Q. A question was put about a quartet of Sri Ramacharitmanas and replied by Swamiji Maharaj purporting to point out that according to Sant Tulsidas, devotion to God is as easy and enjoyable as taking a morsel to the mouth and eating it. Food gives satisfaction and strength and removes hunger. So devotion to God gives contentment and confidence and removes attachment to the world. In the path of jnana, one has to renounce everything. In bhakti, a devotee can progress on the spiritual path without giving up attachment—but the attachment should be to God alone. Once you completely surrender to God, He looks after all your needs.

26 March 2007

Fantastic Four

Occupations can be classified into four kinds:

Vayu (air): to talk and teach
Agni (fire): to shine and fight
Prithvi (earth): to make and art
Apas (water): to serve and heal

Likewise, Yogas can be classified into four kinds:

Jnana: to discriminate absolute reality from relative reality
Raja: to meditate intensively, throwing down distraction
Karma: to perform action without fear of loss or gain
Bhakti: to contemplate the divine with love and devotion

Jnana Yoga utilizes attention (air). Raja Yoga utilizes the breath (fire). Karma Yoga uses the body (earth). Bhakti Yoga uses feeling (water).

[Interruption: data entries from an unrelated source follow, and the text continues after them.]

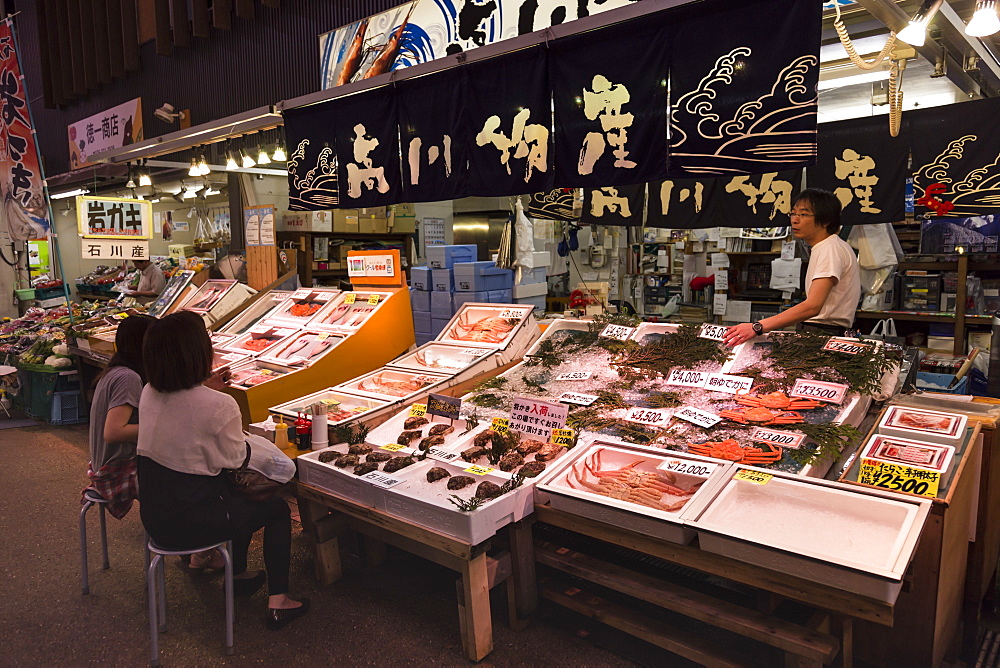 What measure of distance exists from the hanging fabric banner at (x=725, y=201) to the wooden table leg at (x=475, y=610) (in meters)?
4.94

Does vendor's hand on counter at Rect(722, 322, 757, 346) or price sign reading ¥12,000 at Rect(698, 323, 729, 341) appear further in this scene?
price sign reading ¥12,000 at Rect(698, 323, 729, 341)

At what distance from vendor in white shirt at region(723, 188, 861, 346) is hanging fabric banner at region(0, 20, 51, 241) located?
Result: 8.77 m

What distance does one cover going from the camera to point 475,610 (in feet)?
9.26

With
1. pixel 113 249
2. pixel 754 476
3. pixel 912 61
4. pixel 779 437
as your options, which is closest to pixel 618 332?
pixel 779 437

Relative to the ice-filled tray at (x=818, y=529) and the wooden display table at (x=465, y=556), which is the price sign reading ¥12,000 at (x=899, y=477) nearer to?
the ice-filled tray at (x=818, y=529)

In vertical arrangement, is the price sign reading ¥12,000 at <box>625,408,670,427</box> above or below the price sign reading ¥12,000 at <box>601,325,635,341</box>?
below

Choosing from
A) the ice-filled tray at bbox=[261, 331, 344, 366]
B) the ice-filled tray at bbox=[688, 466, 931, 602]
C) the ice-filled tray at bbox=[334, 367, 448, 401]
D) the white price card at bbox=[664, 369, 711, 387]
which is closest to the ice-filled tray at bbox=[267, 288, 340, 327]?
the ice-filled tray at bbox=[261, 331, 344, 366]

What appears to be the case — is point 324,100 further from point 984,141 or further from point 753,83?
point 984,141

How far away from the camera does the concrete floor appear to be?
295 cm

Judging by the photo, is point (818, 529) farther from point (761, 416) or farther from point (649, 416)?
point (649, 416)

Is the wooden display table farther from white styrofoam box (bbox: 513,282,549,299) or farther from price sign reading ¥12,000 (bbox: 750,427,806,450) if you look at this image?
white styrofoam box (bbox: 513,282,549,299)

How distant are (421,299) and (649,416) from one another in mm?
5674

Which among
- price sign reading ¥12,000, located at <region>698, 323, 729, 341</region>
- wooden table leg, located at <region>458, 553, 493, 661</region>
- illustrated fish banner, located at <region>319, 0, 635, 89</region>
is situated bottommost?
wooden table leg, located at <region>458, 553, 493, 661</region>

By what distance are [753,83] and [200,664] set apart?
4.12 meters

One can practice any sort of occupation, while also engaged in any sort of Yoga. A Vayu-Karmi, for instance, might perform the actions of study and teaching, without concern for time lost or money gained; whereas an Apas-Rajan, might work as a healer who meditates 4 hours a day.

No occupation is better than any other. No Yoga is better than any other.

22 March 2007

The Susie Q Sutras

Sutra 1: Maya is a process, not a substance.
Sutra 2: Maya is a power, not an entity.
Sutra 3: When the process ends, substance remains.
Sutra 4: When the power ends, entity remains.
Sutra 5: Befriend the process, the power; and liberate maya.

21 March 2007

The Susie Q Gita

Billy Bob: Dontcha' know, Susie Q, that all of this is only God? We think that this car here is a car, and this tree over yonder is a tree. But we think these things in the wrong way. Only God is real.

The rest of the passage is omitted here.